==== DATASET ENTRIES
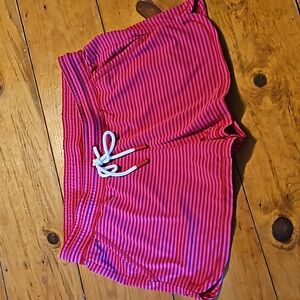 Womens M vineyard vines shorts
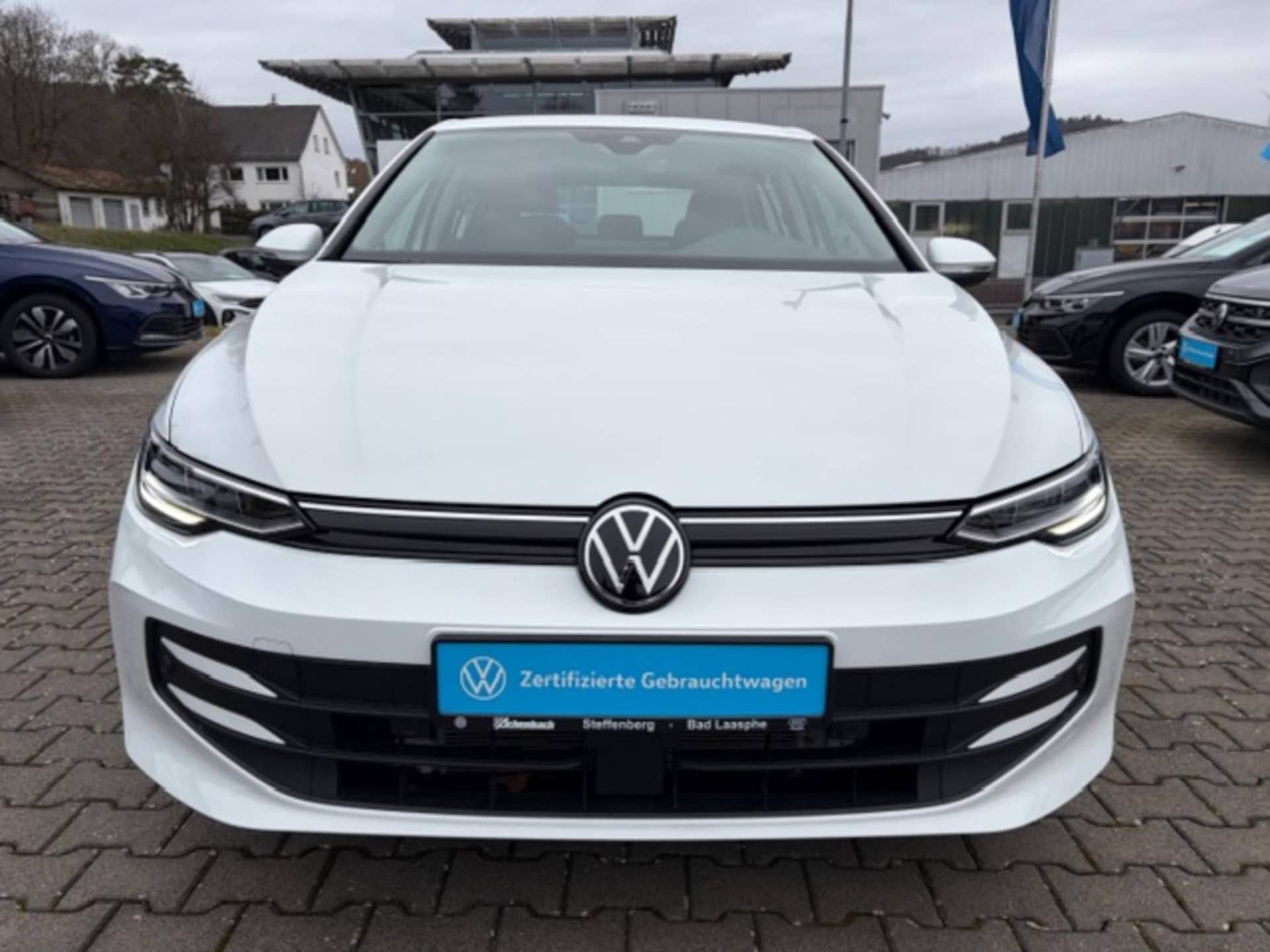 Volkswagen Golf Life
========
==== DATASET ENTRIES
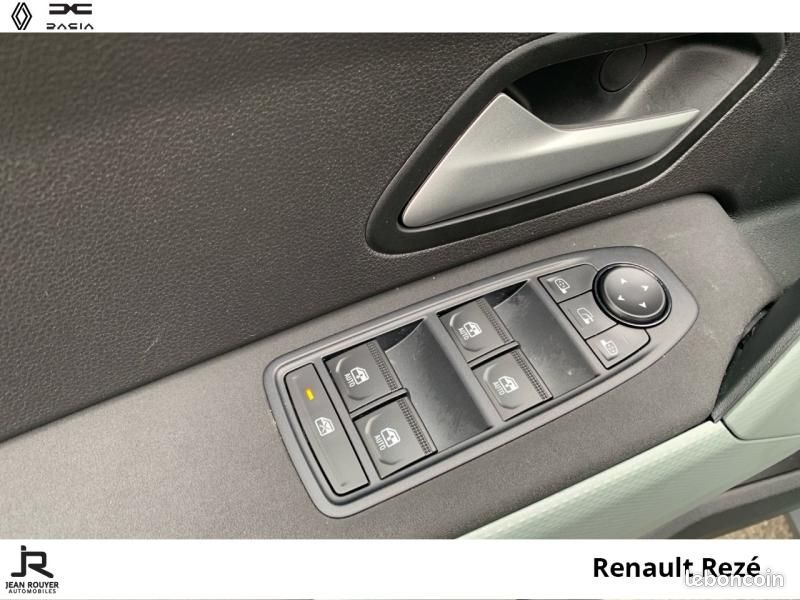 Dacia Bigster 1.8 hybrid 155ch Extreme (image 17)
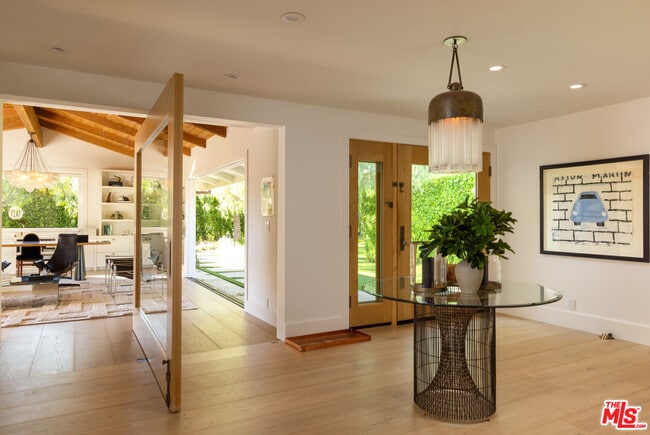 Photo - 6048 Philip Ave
========
| TASK |
All that should appear in the answer is the lines above from the line with "Womens M vineyard vines shorts" through the line with "Volkswagen Golf Life", retyped exactly, pictures left out.

| REPLY TO THE EXERCISE |
 Womens M vineyard vines shorts
 Volkswagen Golf Life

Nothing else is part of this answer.